» **Required action**
Leave out the pictures and retype exactly the lines from the one with "Продам 3 к." through the end of the records.

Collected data
****************************************

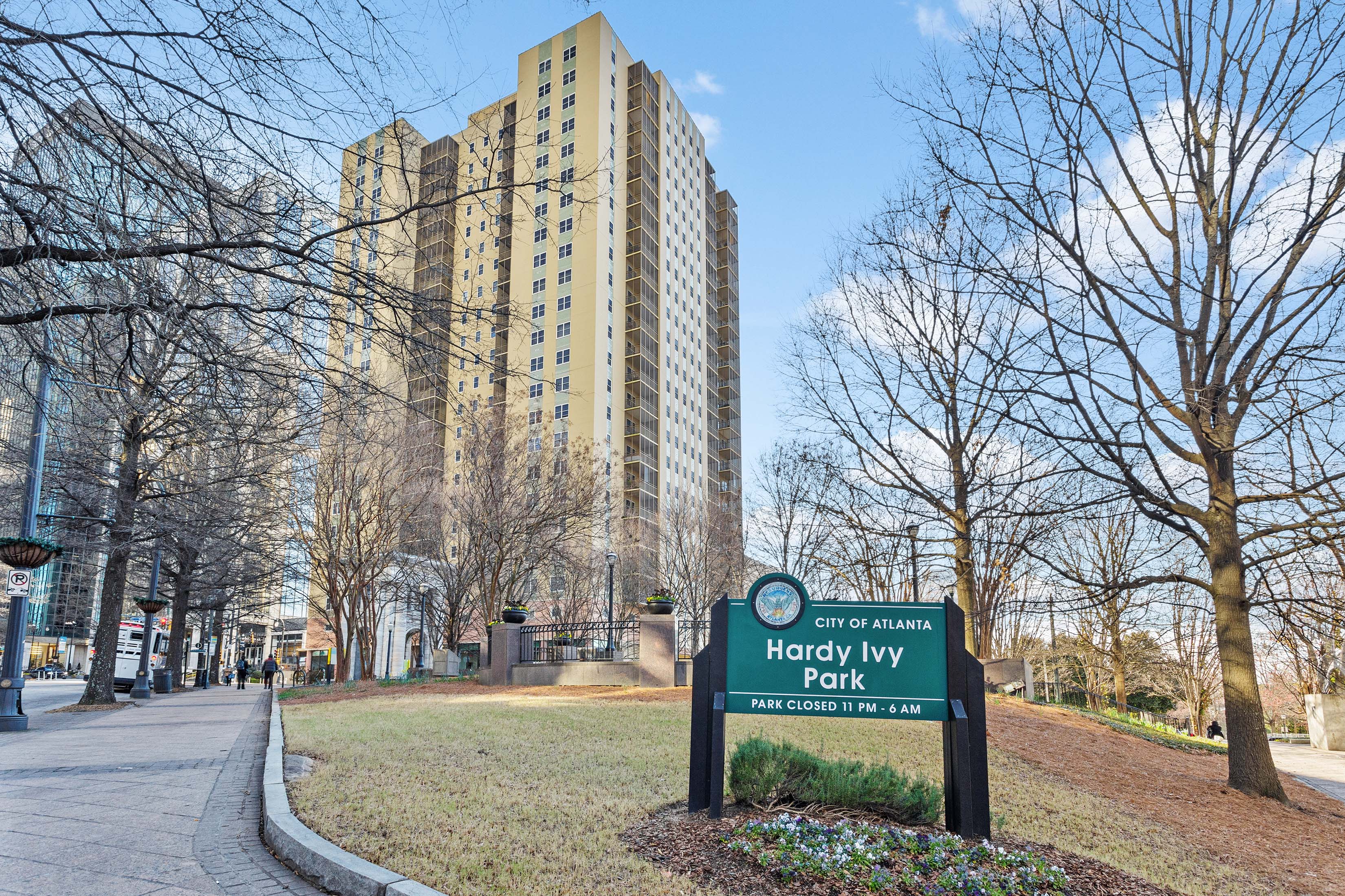  Live or Invest in the Heart of Atlanta — Furnished Condo with No Rental Limits - 物件實景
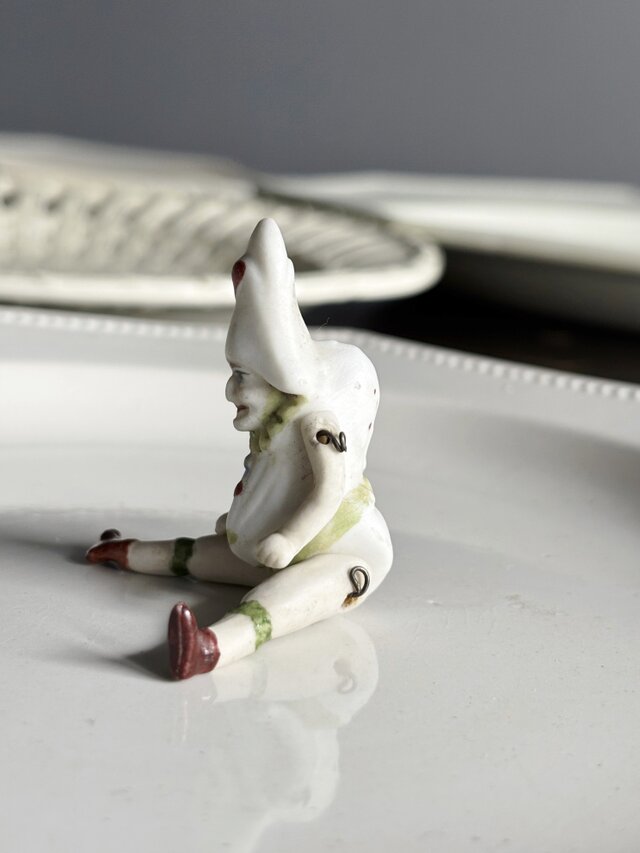 フレンチタイプオールビスクドール　道化師ピエロ　2.75インチ ビスクドール ホビー・楽器・アート フレンチタイプオールビスク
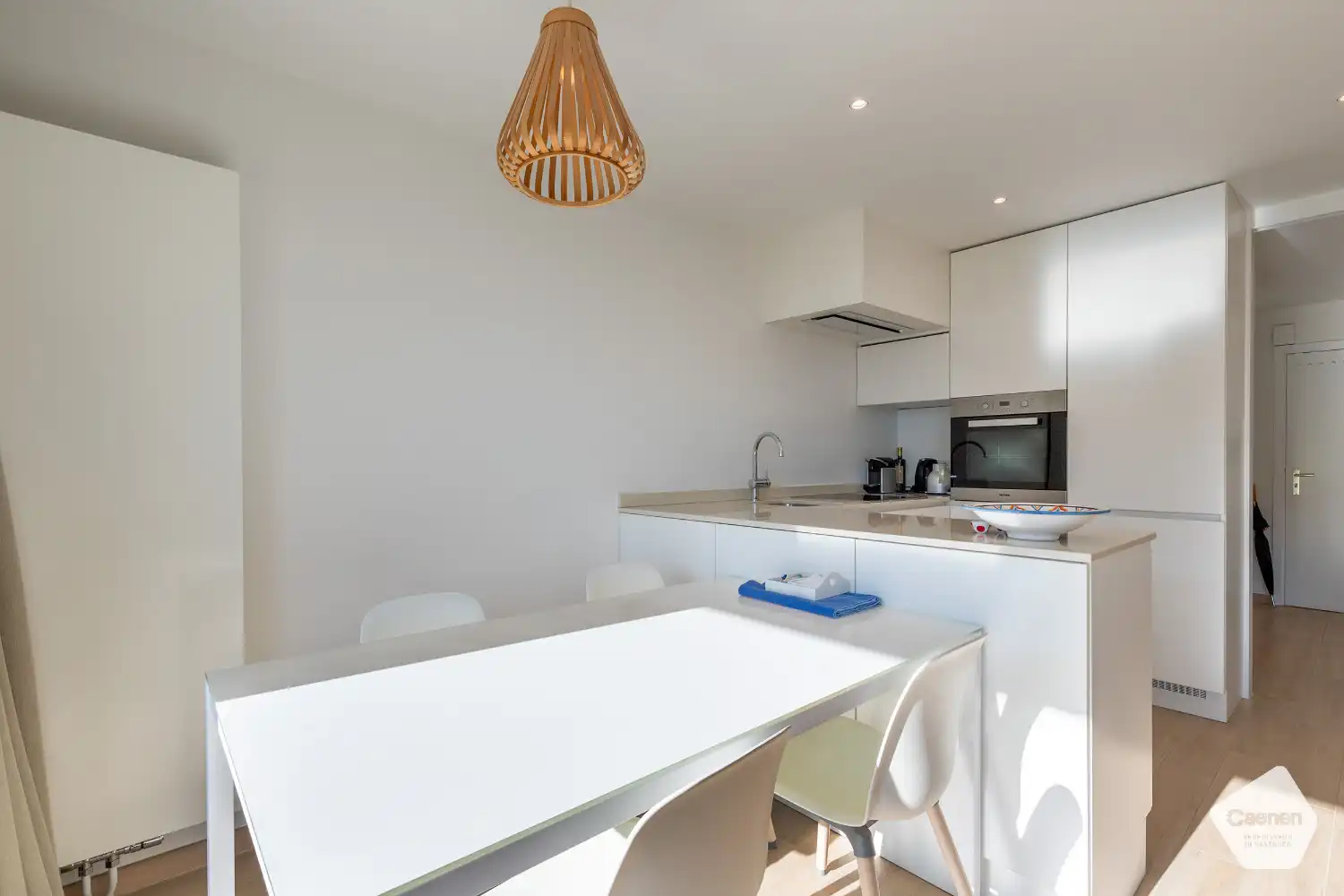 Fantastisch gerenoveerd, zuid-gericht appartement met 1 slaapkamer foto 5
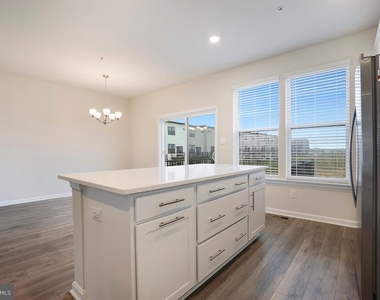 857 Amity Street - Photo Thumbnail 44
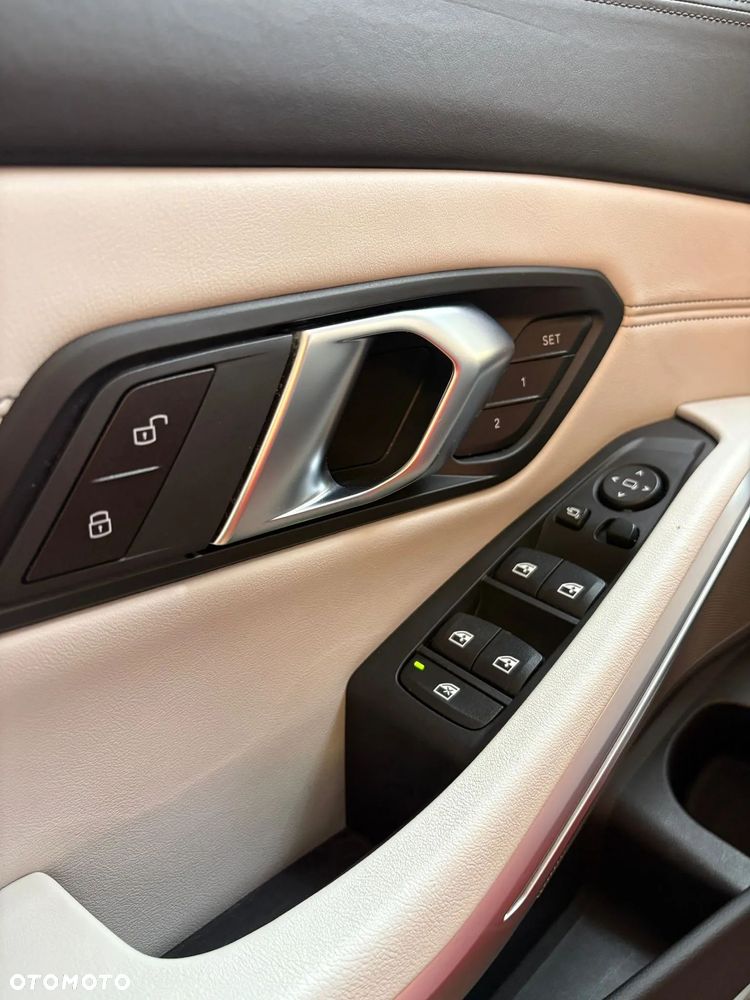 BMW M3 Competition xDrive sport - 15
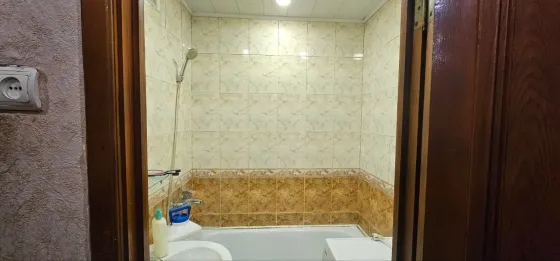 Продам 3 к. кв. 3/9 улица Аравийская, Ленинский р-н Донецк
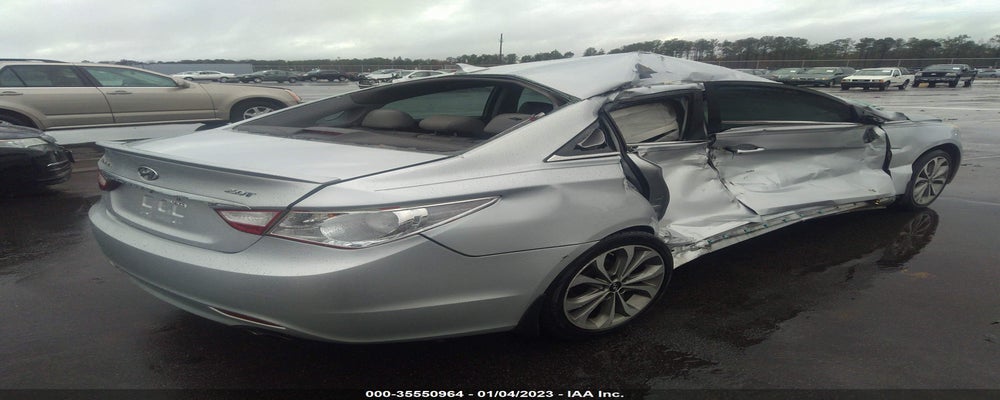 5NPEC4AB2DH771685 2013 HYUNDAI SONATA photo no. 4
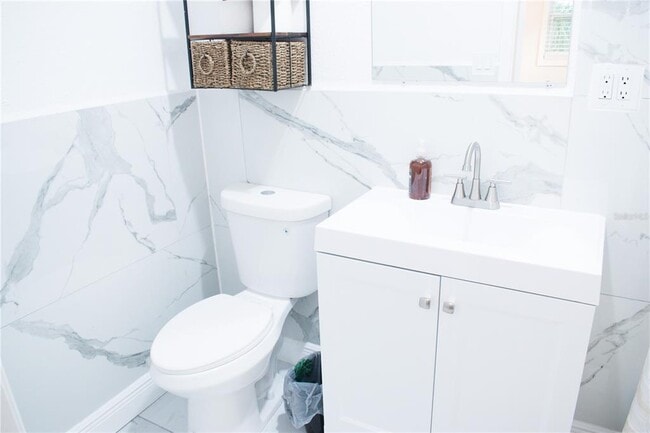 Building Photo - 5832 Dr M.L.K. Jr St N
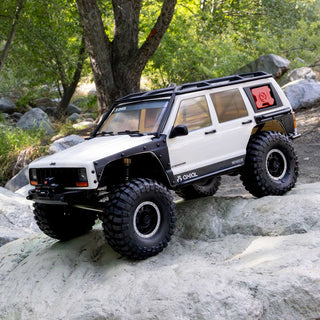 Axial SCX10 III Jeep Cherokee XJ White - image 8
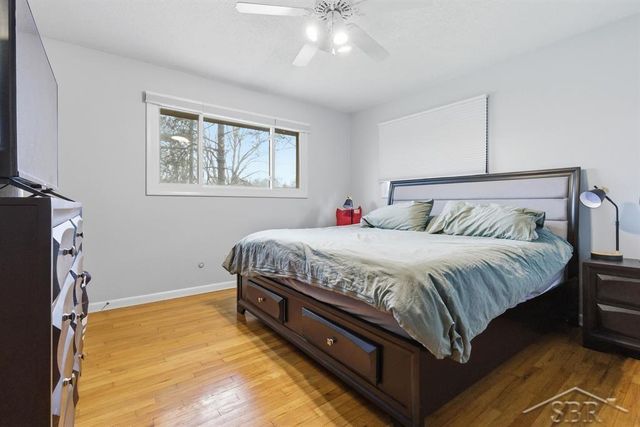 2811 Dina Street, Midland, MI 48642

****************************************

» **Solution to this exercise**
 Продам 3 к. кв. 3/9 улица Аравийская, Ленинский р-н Донецк
 5NPEC4AB2DH771685 2013 HYUNDAI SONATA photo no. 4
 Building Photo - 5832 Dr M.L.K. Jr St N
 Axial SCX10 III Jeep Cherokee XJ White - image 8
 2811 Dina Street, Midland, MI 48642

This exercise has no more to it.